Exercise material

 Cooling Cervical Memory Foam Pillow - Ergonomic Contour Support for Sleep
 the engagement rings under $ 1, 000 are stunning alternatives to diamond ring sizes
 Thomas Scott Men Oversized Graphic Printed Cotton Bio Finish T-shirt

---

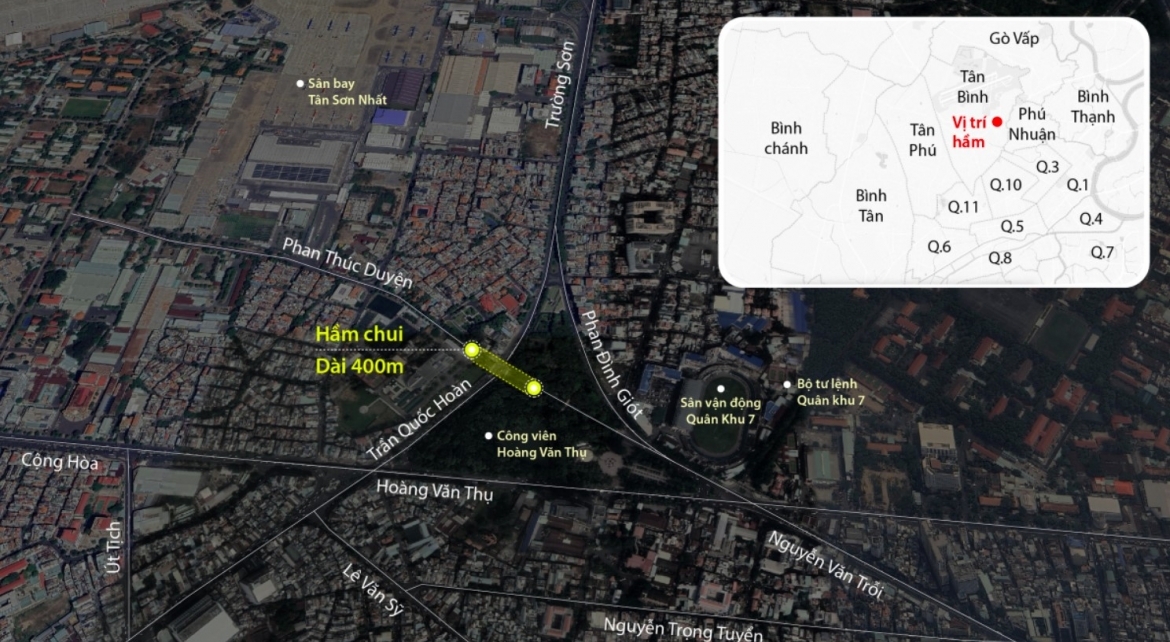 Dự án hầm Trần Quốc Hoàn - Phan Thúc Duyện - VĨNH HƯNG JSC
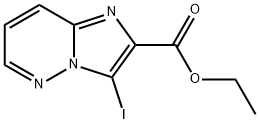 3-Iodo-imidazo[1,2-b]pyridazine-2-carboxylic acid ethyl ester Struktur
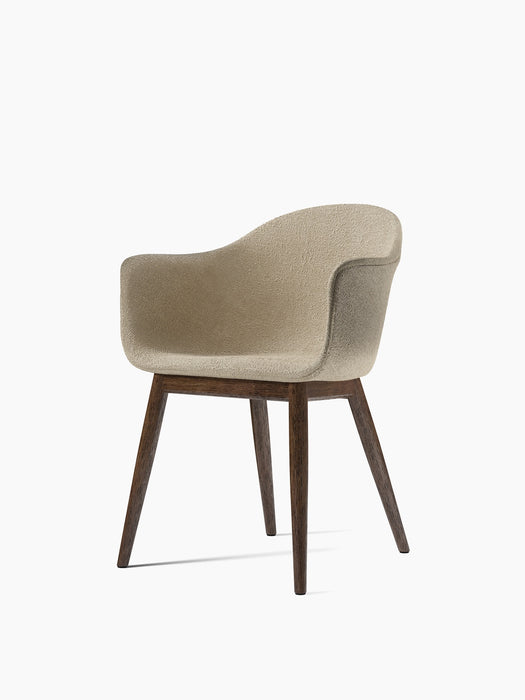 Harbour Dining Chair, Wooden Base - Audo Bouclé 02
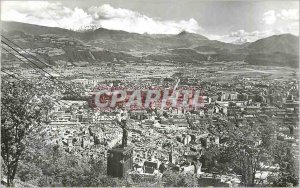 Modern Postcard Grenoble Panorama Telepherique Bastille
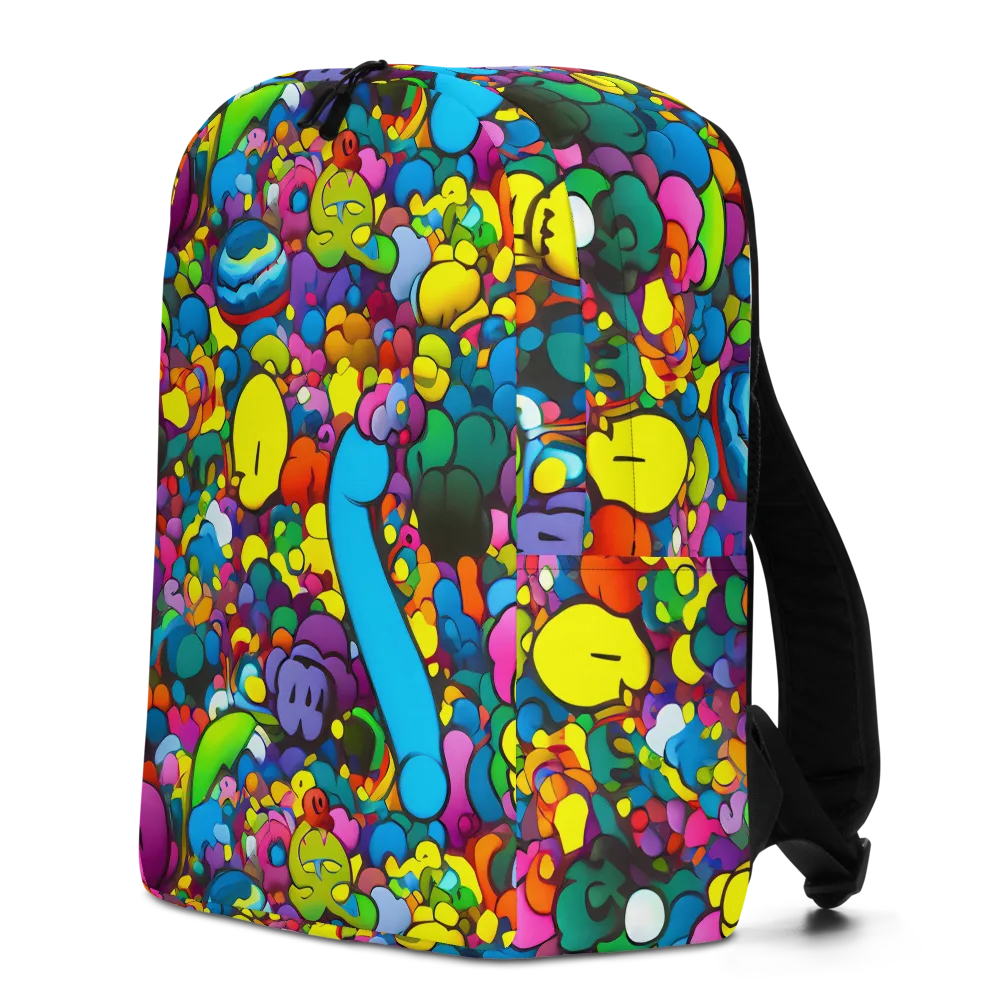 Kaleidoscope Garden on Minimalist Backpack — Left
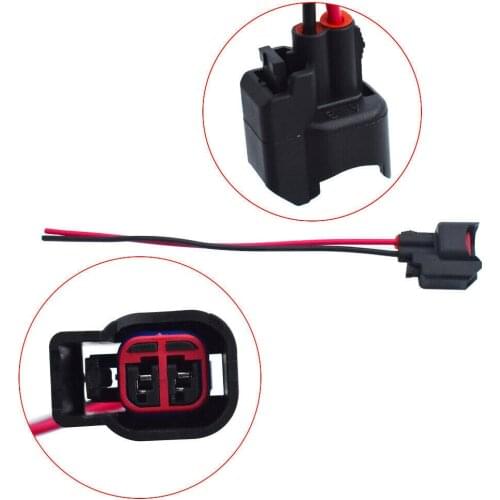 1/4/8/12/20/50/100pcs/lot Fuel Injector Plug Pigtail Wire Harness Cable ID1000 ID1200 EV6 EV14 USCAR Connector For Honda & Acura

--

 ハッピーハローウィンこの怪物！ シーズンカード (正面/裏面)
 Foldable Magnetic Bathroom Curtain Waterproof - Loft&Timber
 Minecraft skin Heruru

The problem
Set down exactly the lines above, from the line containing "Harbour Dining Chair, Wooden" through the line containing "1/4/8/12/20/50/100pcs/lot Fuel Injector". Skip the pictures.

Worked solution
 Harbour Dining Chair, Wooden Base - Audo Bouclé 02
 Modern Postcard Grenoble Panorama Telepherique Bastille
 Kaleidoscope Garden on Minimalist Backpack — Left
 1/4/8/12/20/50/100pcs/lot Fuel Injector Plug Pigtail Wire Harness Cable ID1000 ID1200 EV6 EV14 USCAR Connector For Honda & Acura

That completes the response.